In a recent development, the Polish banking giant Alior announced a new service offering aimed at allowing customers to maintain and tally immutable official records. According to the report, the banking company took the bold step of leveraging a public Ethereum blockchain for document authentication, which contradicts the traditional bank’s notion of maintaining private ledgers.
Alior’s Blockchain Strategy Lead, Tomasz Sienicki, commented,
“Our mission is to be disruptive, so we want to provide innovative solutions, and we want other banks to follow us as well. We welcome if somebody copied our solution. We are showing that it’s possible to use public blockchain even if some people think it’s impossible.”
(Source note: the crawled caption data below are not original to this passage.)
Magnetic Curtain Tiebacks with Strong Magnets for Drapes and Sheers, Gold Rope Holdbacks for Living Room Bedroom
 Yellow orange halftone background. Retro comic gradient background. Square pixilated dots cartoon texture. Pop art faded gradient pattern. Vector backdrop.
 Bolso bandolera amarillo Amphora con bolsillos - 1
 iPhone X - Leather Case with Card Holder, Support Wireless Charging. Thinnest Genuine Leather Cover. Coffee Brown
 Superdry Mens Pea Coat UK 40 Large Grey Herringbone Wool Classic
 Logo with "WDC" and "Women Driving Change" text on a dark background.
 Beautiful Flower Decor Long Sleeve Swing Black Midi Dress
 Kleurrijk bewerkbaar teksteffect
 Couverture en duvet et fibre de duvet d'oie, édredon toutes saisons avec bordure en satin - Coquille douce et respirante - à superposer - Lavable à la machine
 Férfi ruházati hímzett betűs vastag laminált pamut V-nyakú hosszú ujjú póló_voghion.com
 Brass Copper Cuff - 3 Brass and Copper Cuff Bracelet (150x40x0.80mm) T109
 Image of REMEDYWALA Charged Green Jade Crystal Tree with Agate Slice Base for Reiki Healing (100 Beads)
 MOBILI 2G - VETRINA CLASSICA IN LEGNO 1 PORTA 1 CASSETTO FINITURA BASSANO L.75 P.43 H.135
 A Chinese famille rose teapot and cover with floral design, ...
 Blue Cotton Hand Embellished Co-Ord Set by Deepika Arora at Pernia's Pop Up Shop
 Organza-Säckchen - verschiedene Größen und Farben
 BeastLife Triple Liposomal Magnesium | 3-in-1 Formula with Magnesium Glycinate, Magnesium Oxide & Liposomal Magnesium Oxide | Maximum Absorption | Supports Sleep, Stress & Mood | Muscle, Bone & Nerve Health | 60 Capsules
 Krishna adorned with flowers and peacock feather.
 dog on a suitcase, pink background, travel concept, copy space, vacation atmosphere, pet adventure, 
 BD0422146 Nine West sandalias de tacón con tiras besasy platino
While the main driver for making the decision can be linked backed to the Polish regulation that requires banks to provide customers a durable access to documents, Alior representatives confirmed that the blockchain-based system maintains compliance with existing federal regulations. Further, Sienicki said,
“Everybody can copy this code and use it for his or her purposes. We encourage people to do so.”
While Alior’s initiative is a reflection of the massive role of blockchain in the future of finance, several other financial giants including JP Morgan have invested in crypto-related products to enable real-time payments between institutional clients. Alior is the first banking institution to have developed a network technology that can be joined by other companies, making the experience more transparent.